Florence, outside the entrance to this yard, which, now containing up-market

eating places has totally changed from even then. In the mid-seventies £1 could buy you a good set meal in Gerrard Street


  1. I love your description of the holiday “resort,” complete with snarling dogs. I can deal with no electricity or running water, but the digging of the waste disposal pit every day would have finished me. Michael sounds like quite the enterprising kid!

  2. I enjoyed the story of the holiday resort, and especially Michael’s rabbits. I can just picture the poor lad crashing down through a skylight, in the clutches of the gentleman below. Rick was once robbed at gunpoint by a burglar crashing down through a skylght where he worked.

      1. Rick was working as a manager in a drug store, and was closing out the register and preparing to take the day’s cash to the night deposit. It was after closing, and the burglar had been on the roof waiting for the building to empty. The fall through the skylight was an accident. The man was very nervous and Rick had started to wrestle him, but then though better of it and lay face down and did what he was told. Than burglar made off with about $50 in the drawer and forgot all about the big bag of cash going to the night deposit.

    1. Thank you so much, Laurie. You can still get an all you can eat buffet at a comparable price, with the proviso that you have only 40 minutes and have to pay extra for anything you don’t eat. They would meet their match with our son, Matthew.

  3. Such changes in a place during your own lifetime chronicles the speed at which we are living now. The rabbit story is priceless.

    1. As you know, I’m with you re the resort, Sheree. I actually don’t remember what happened to the rabbits, but, knowing Michael he might well have marketed them. Thanks a lot.

  4. Wonderful stories, Derrick. I agree with you about the “resort.” No running water would have been a deal breaker for me, and the other things just make it sound worse.
    Michael does sound very enterprising. I can’t imagine the rabbits on the roof would be allowed now.

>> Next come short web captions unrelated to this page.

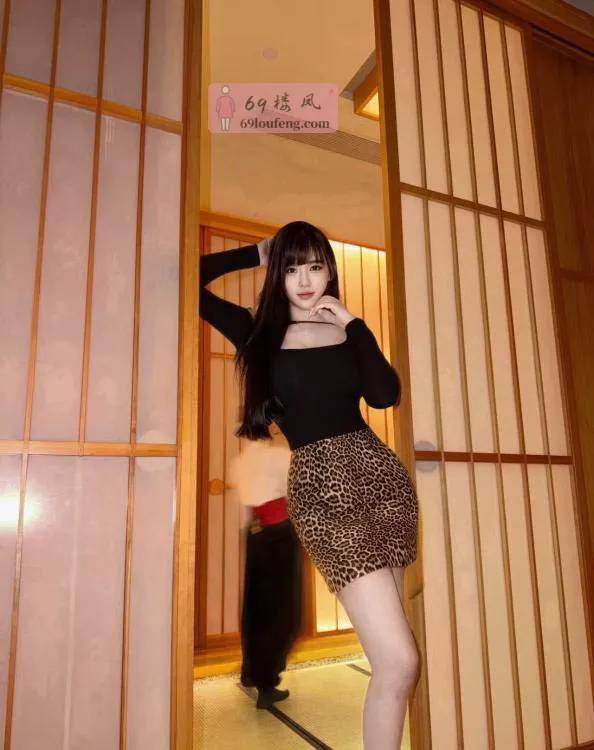 长腿美女姐姐 - 浙江-杭州 楼凤实拍第2张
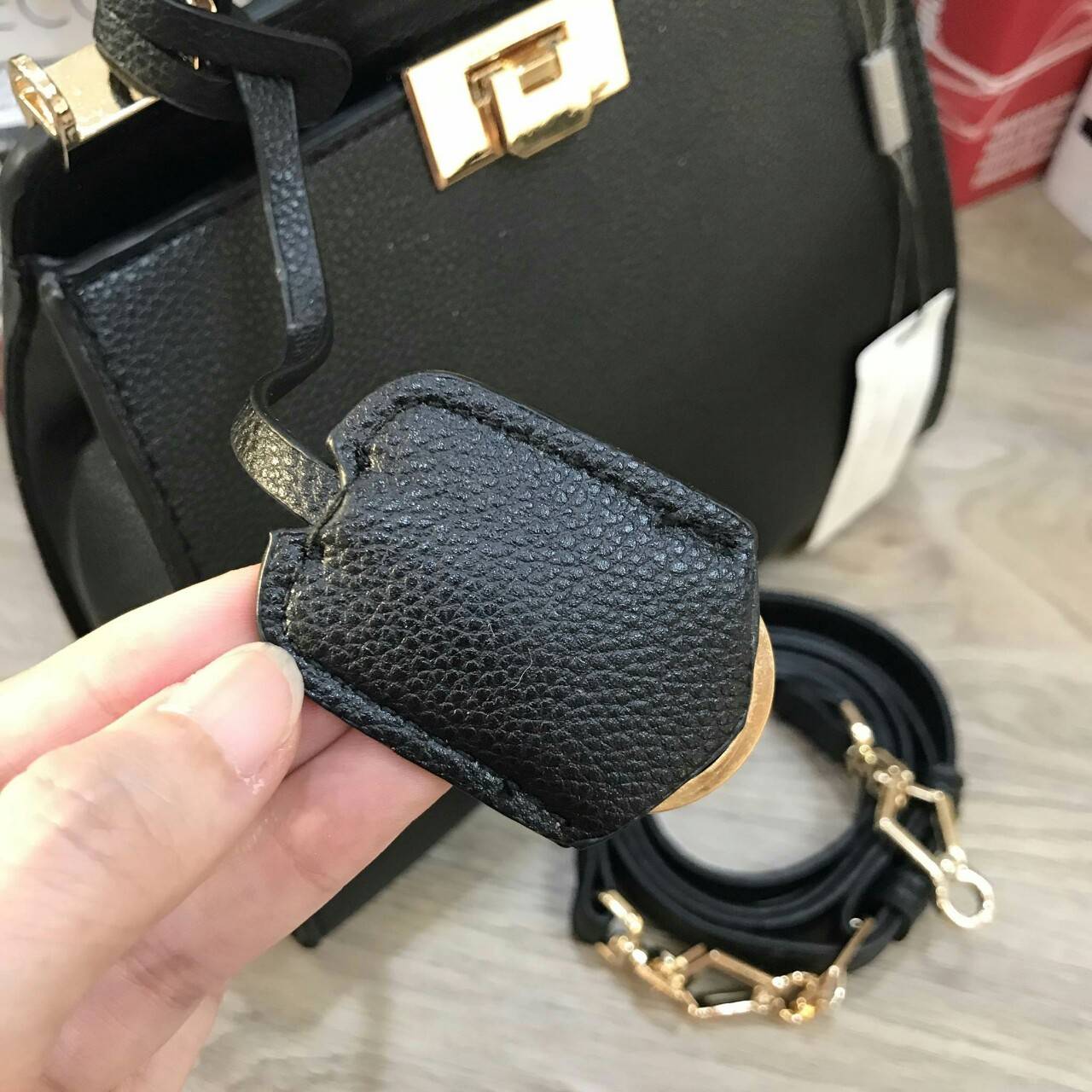 CHARLES & KEITH ANGULAR PUSH-LOCK HANDBAG 2018 กระเป๋าถือหรือสะพายคอลเลคชั่นใหม่ หนังสวยอยู่ทรง ขนาดกำลังดี น้ำหนักเบา มาพร้อมTag ห้อยที่หูกระเป๋า หูจับถนัดมือ สายสะพายยาวถอดได้ ปรับระดับได้ เปิดปิดด้วยตัวล็อคพับอะไหล่ทองปั๊มโลโก้ ภายในกว้างสามารถใส่กระเป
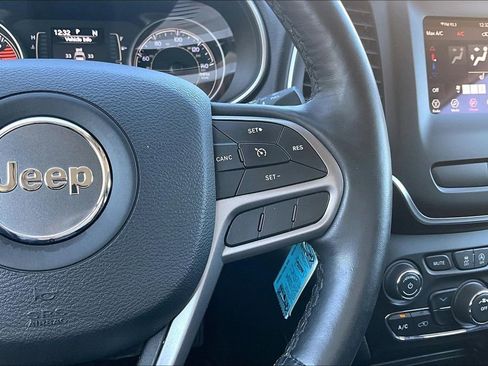 Used 2019 Jeep Cherokee Latitude w/ Cold Weather Group image 19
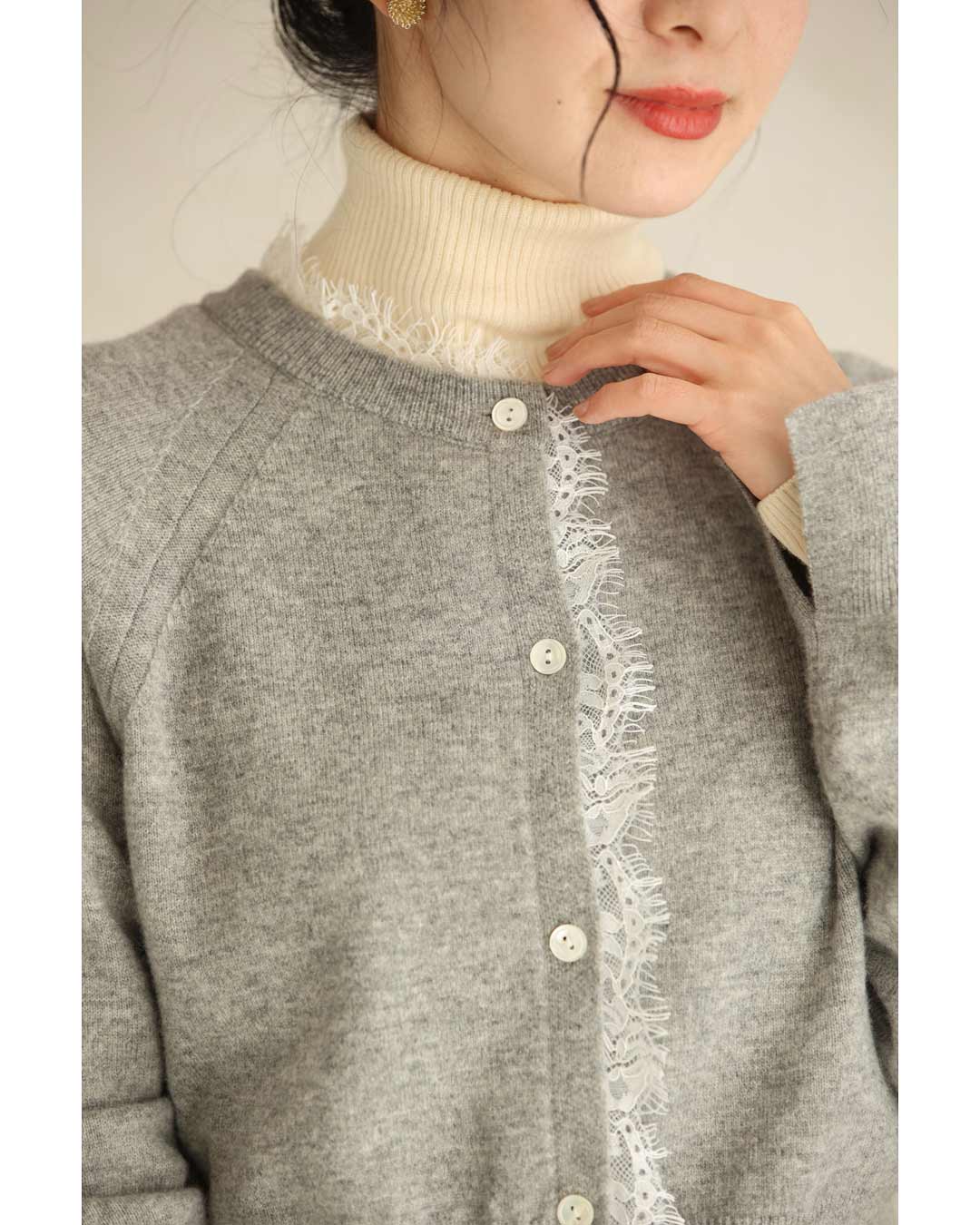 カワイイ CAWAII 首元から流れるアシンメトリーレースカーディガン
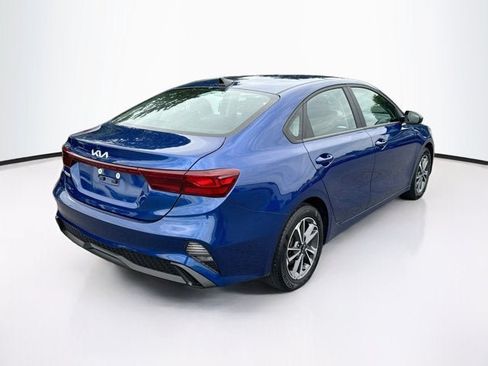 Certified 2023 Kia Forte LXS FWD image 5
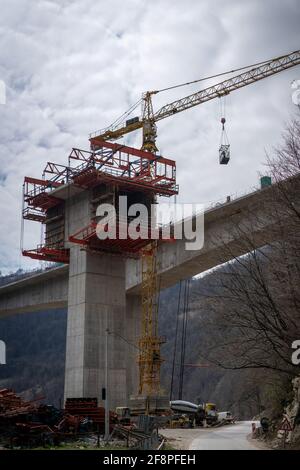 Raccordement de pont routier en construction travaux difficiles Banque D'Images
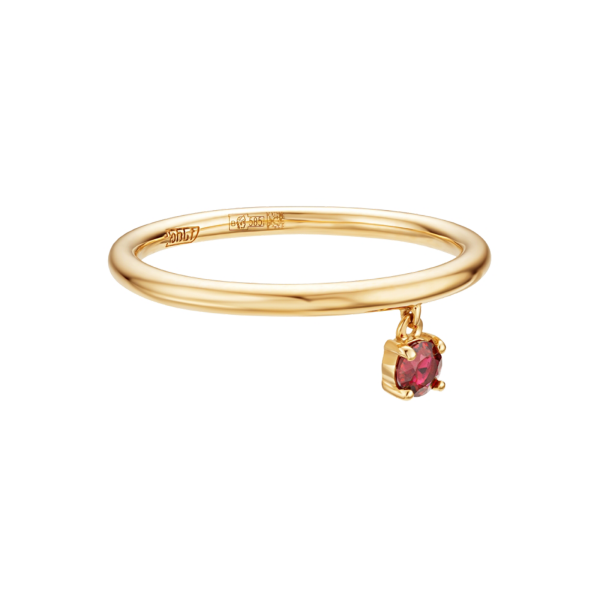 Золотое кольцо с гранатом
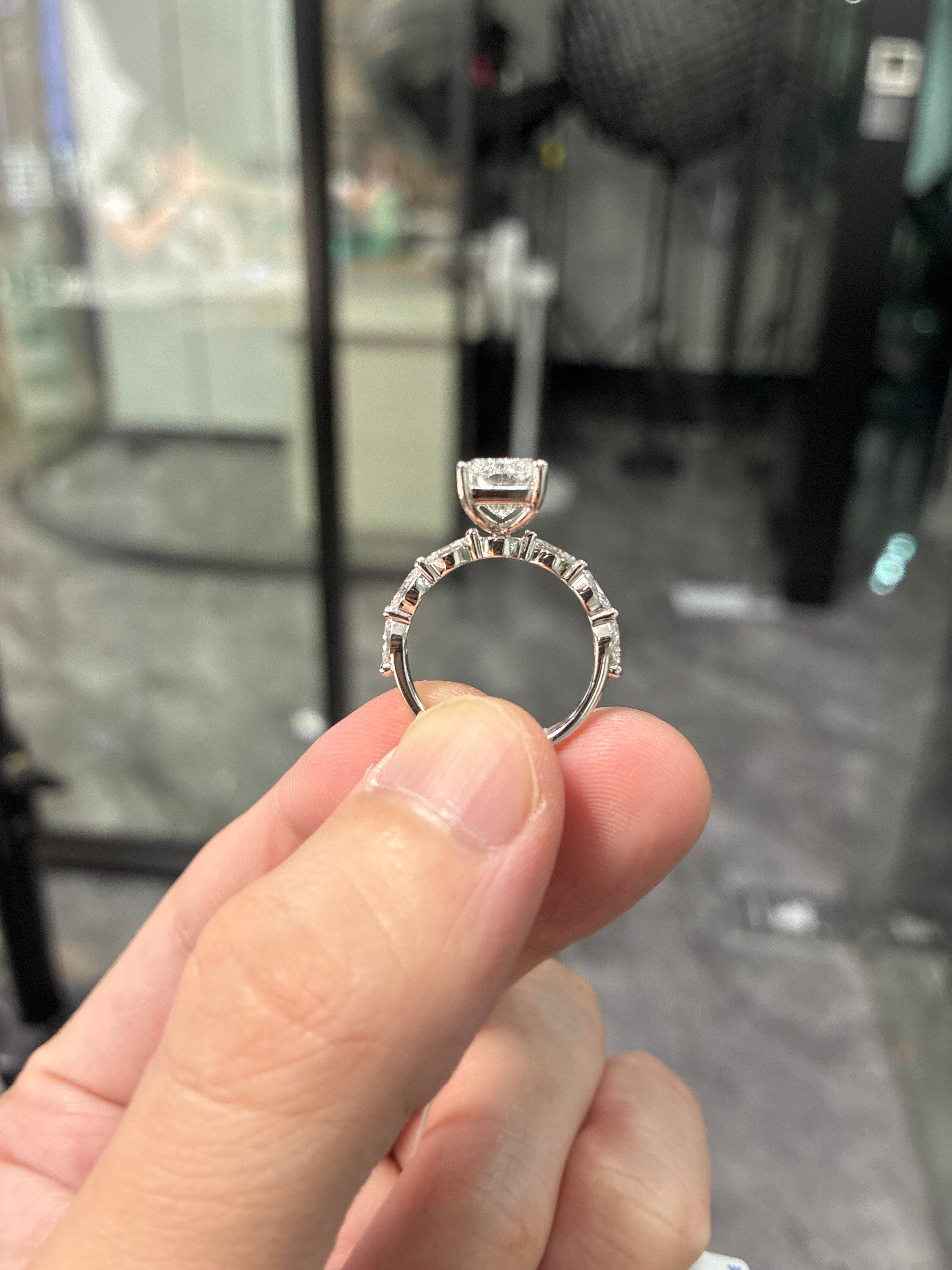 For Alyssa Radiant Cut Solitaire Wedding Ring 3.03ct Radiant cut center stone E/VVS2 14K Solid white gold 6 side stones for total 0.514ct US Size 7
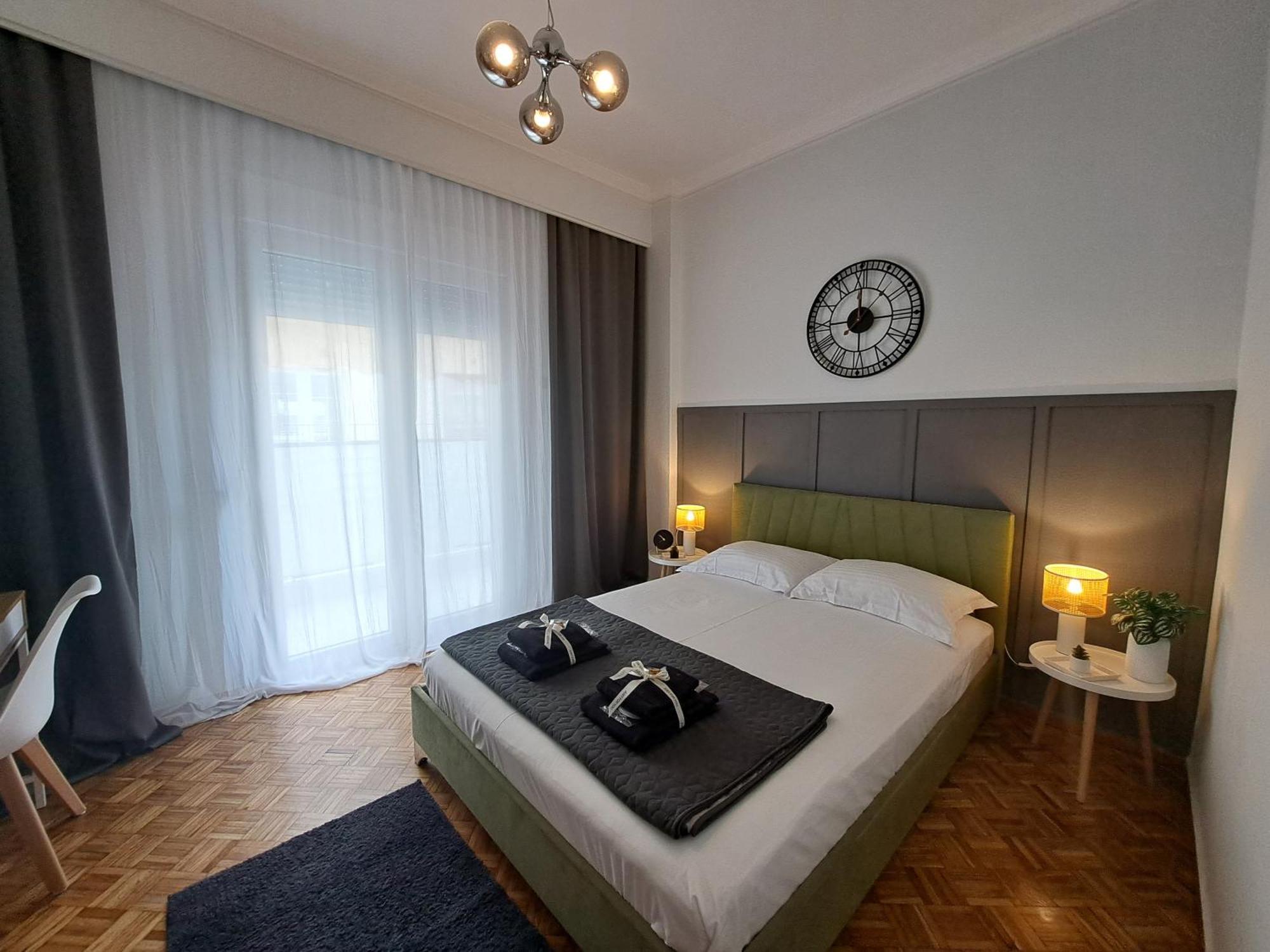 Stylish City Center Apartment Serres Exteriér fotografie
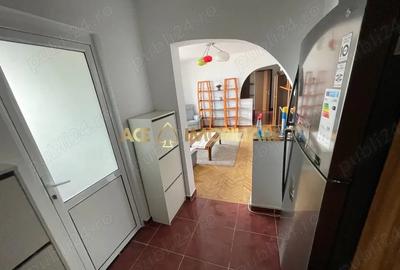 Apartament cu 3 camere decomandat, mobilat în Pajura - 4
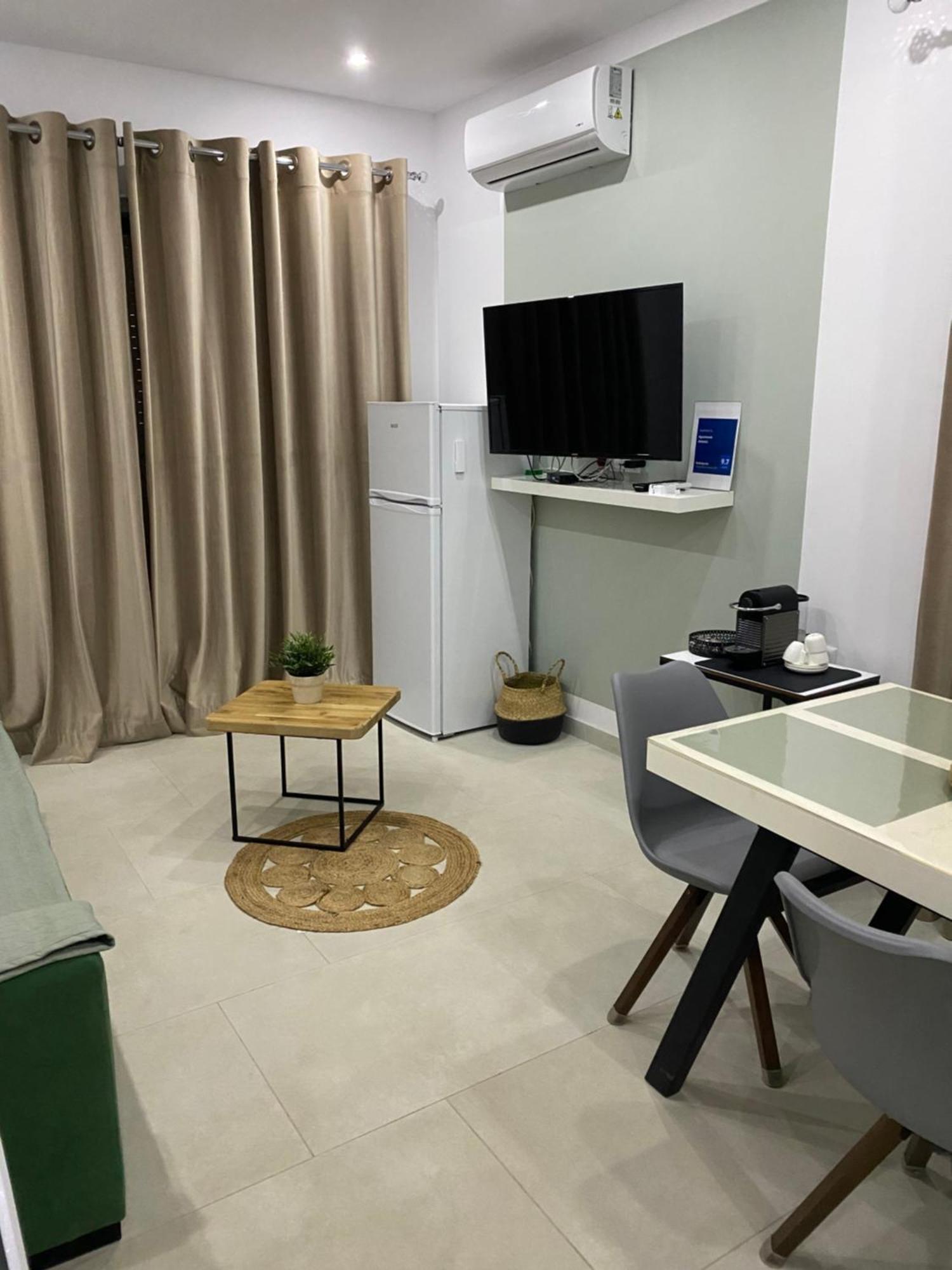 Apartment Artemis Хімара Екстер'єр фото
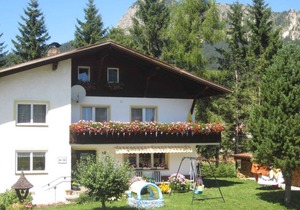 Double room GAIßHORN without balcony - Pension Tannheim - Family Kleiner and
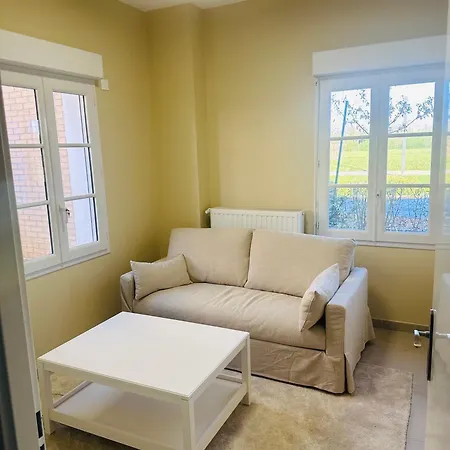 Family's House - Proche De La Vallee Village Et Disneyland Paris ,2 Parkings, Air Condition سيري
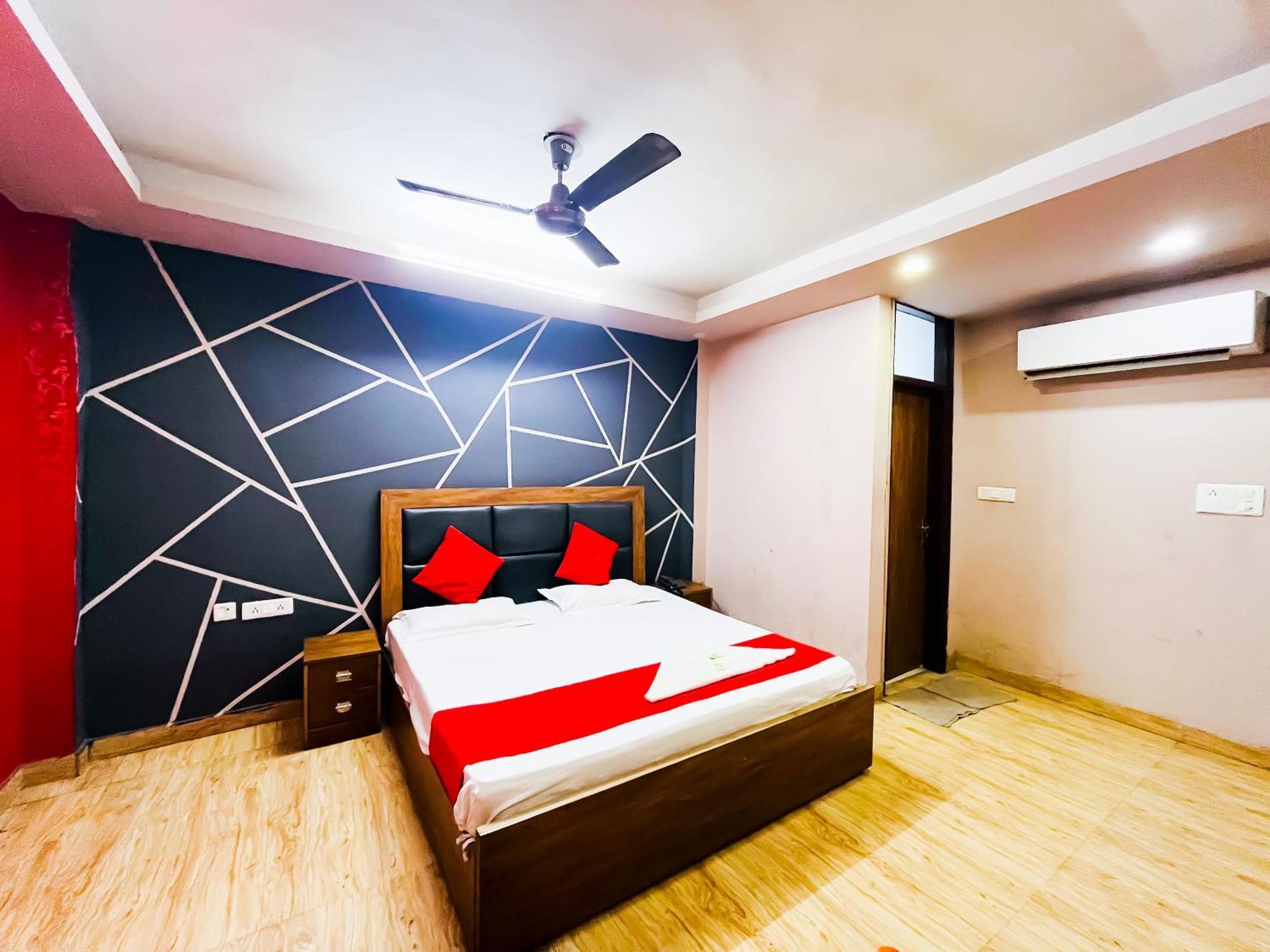Dream In - Hazrat Nizamuddin Station * New Delhi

  5. Great stories and adventures! Great memories! Love the Michael and his rabbits story! 🙂 I wonder at the height of rabbitdom how many rabbits he had! ??? I would’ve loved to have watched them!
    In that photo of your children…Michael’s ingenuity and personality shines through. 🙂 Matthew, too! 🙂
    I would’ve loved to visit the sheet music publishers place!
    I’m glad Simon was okay! Scary! 😮
    (((HUGS))) 🙂

  6. I remember seeing the Boosey and Hawkes offices in the 70’s as I spent a lot of my time in London taking part in musical activities. Little did I know that the roof was home to countless rabbits living in hutches made from pallets by an enterprising young man! Life seemed to be more unpredictable, edgier and exciting/scary in the 70’s.

  7. Like the rest of your fan base, I am enjoying your yarns about a life well spent.

    I held my breath when I got to the part about the lad crashing through the sky light.

  8. Telling a story amongst older photos is wonderful. I bet your grandchildren will have a giggle at how the “oldies” looked way back then.

  9. This instalment contains amazing stories that are timeless in content and appeal. Those proceedings could easily have happened in a Victorian era novel. Imagine Charles Keeping producing an illustration about the capture and release of the fallen boy!

  10. How lovely to hear about Michael.
    When I read the part about the young friend in the clutches of an angry man, Charles Dickens popped to mind. Then I visualised you drawing the event!

  11. What a lovely memory of a great neighborhood. The rabbits! The publishing company not objecting! The neighbors LIKING it and leaving food for them. Paradise.